#### Record set:
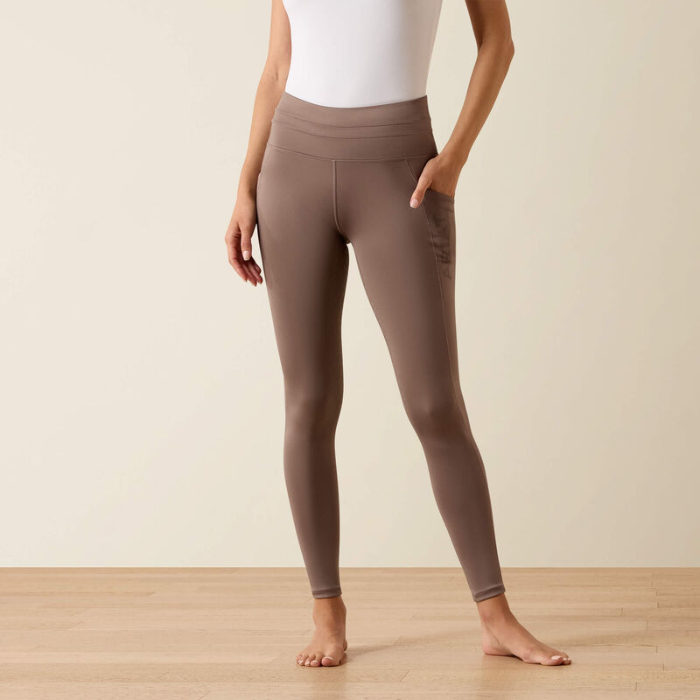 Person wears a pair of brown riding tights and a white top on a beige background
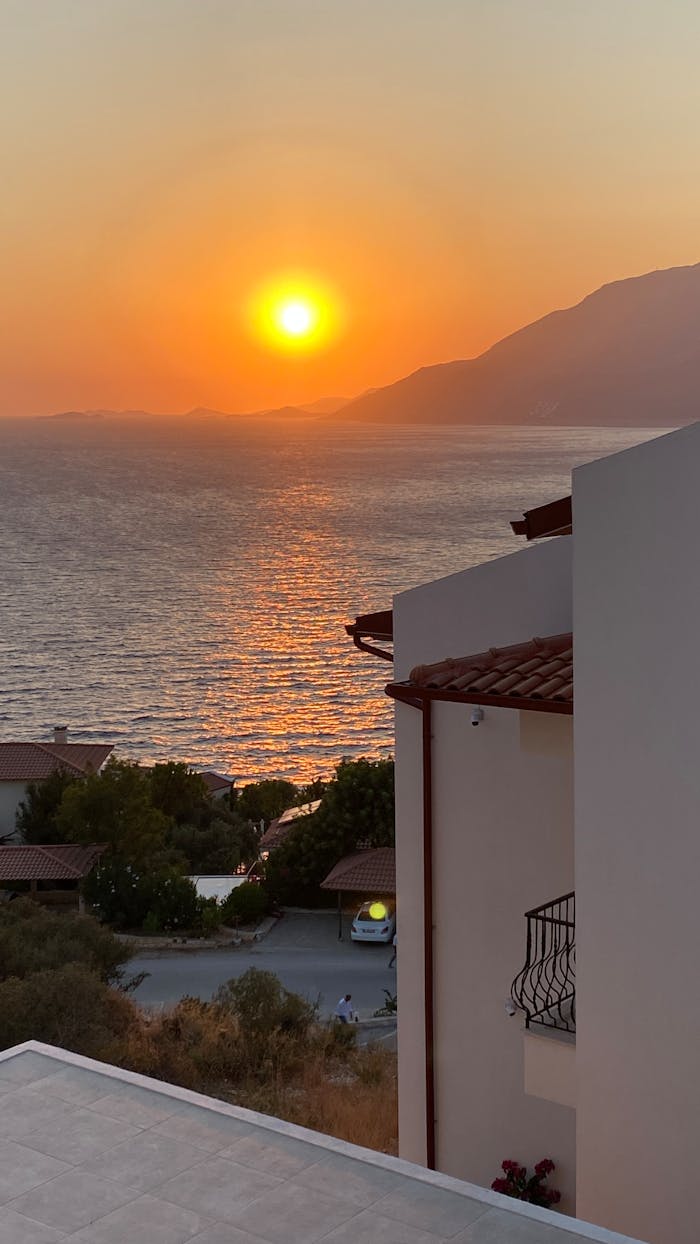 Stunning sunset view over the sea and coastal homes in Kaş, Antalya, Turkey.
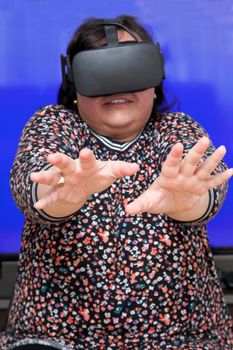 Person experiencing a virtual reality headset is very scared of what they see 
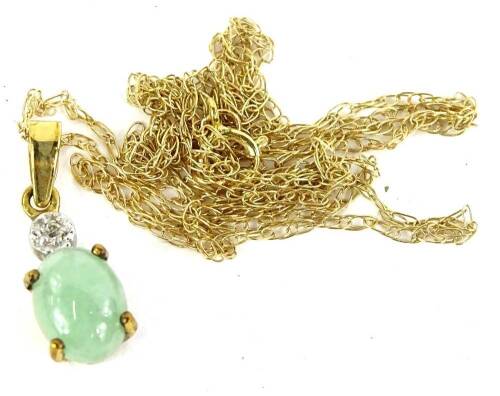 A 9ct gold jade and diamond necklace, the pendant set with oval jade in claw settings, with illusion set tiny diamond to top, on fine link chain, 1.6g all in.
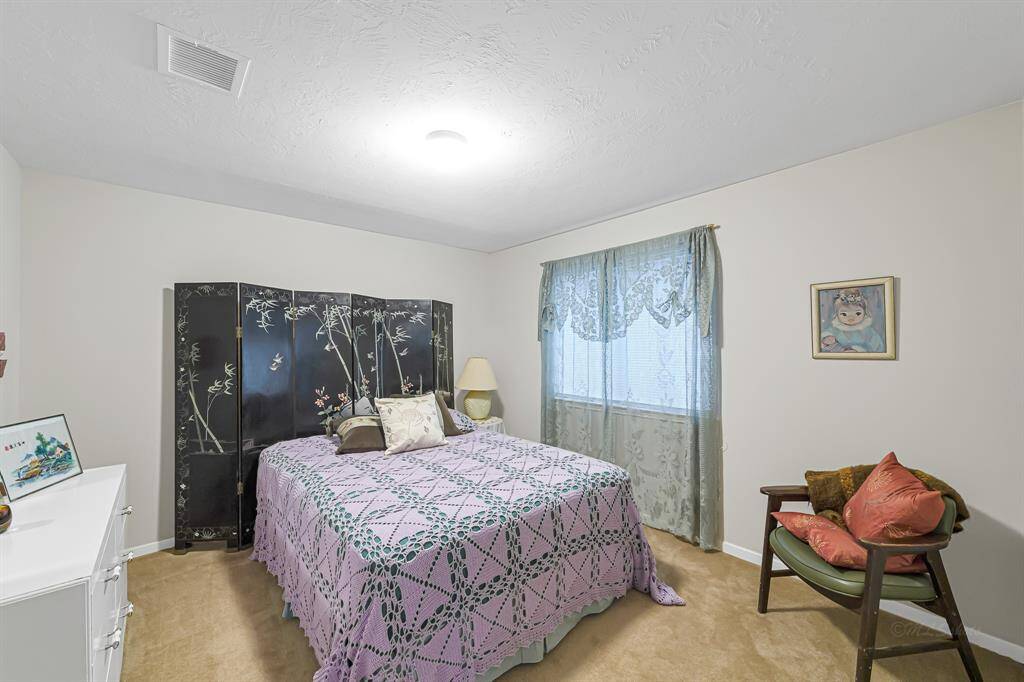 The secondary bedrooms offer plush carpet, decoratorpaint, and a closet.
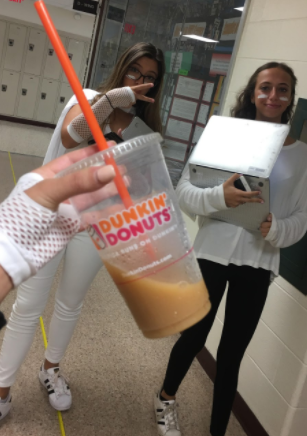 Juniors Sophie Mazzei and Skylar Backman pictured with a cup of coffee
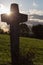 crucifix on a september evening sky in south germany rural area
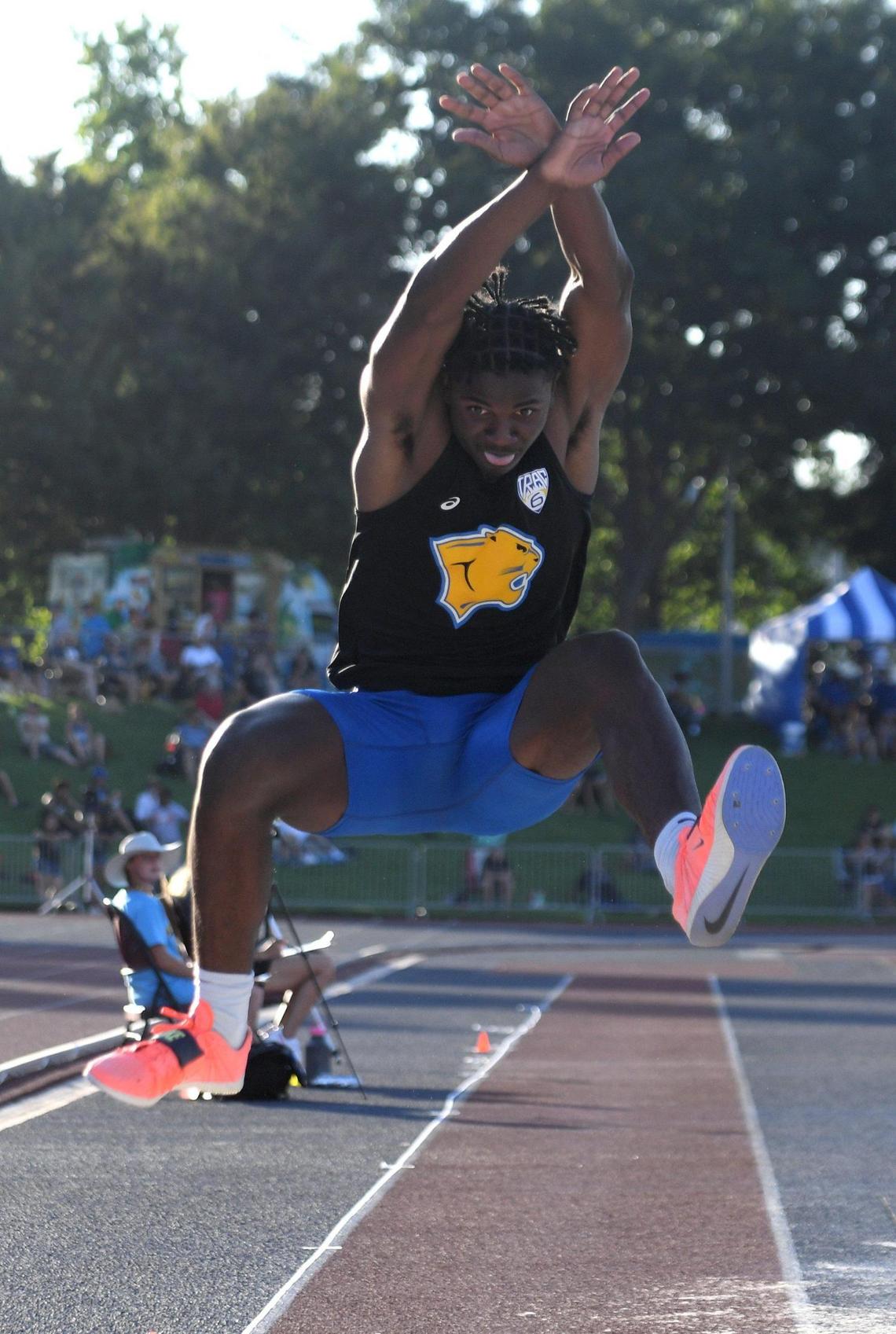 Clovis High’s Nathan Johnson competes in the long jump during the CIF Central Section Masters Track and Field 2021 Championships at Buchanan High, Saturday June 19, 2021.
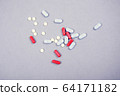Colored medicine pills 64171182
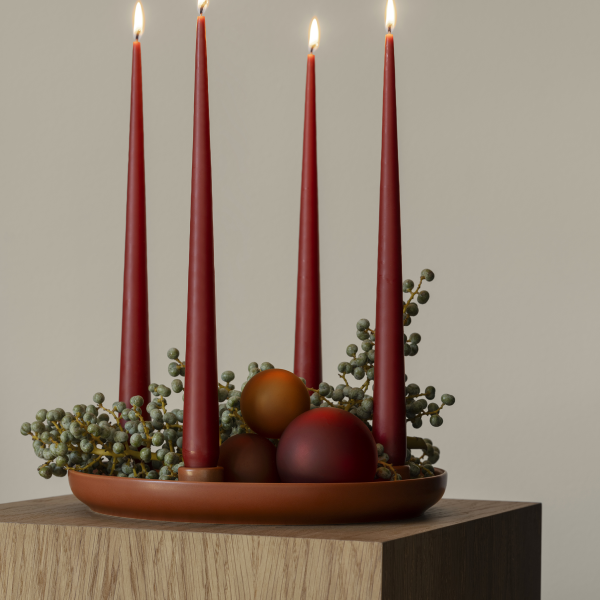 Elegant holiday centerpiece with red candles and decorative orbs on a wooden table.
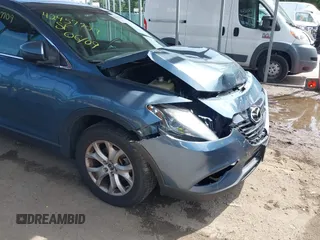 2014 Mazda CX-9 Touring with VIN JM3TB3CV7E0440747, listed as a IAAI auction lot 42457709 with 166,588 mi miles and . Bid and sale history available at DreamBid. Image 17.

#### Directions:
What you return must match the records above exactly, minus any images.

#### Exercise output:
 Person wears a pair of brown riding tights and a white top on a beige background
 Stunning sunset view over the sea and coastal homes in Kaş, Antalya, Turkey.
 Person experiencing a virtual reality headset is very scared of what they see 
 A 9ct gold jade and diamond necklace, the pendant set with oval jade in claw settings, with illusion set tiny diamond to top, on fine link chain, 1.6g all in.
 The secondary bedrooms offer plush carpet, decoratorpaint, and a closet.
 Juniors Sophie Mazzei and Skylar Backman pictured with a cup of coffee
 crucifix on a september evening sky in south germany rural area
 Clovis High’s Nathan Johnson competes in the long jump during the CIF Central Section Masters Track and Field 2021 Championships at Buchanan High, Saturday June 19, 2021.
Colored medicine pills 64171182
 Elegant holiday centerpiece with red candles and decorative orbs on a wooden table.
 2014 Mazda CX-9 Touring with VIN JM3TB3CV7E0440747, listed as a IAAI auction lot 42457709 with 166,588 mi miles and . Bid and sale history available at DreamBid. Image 17.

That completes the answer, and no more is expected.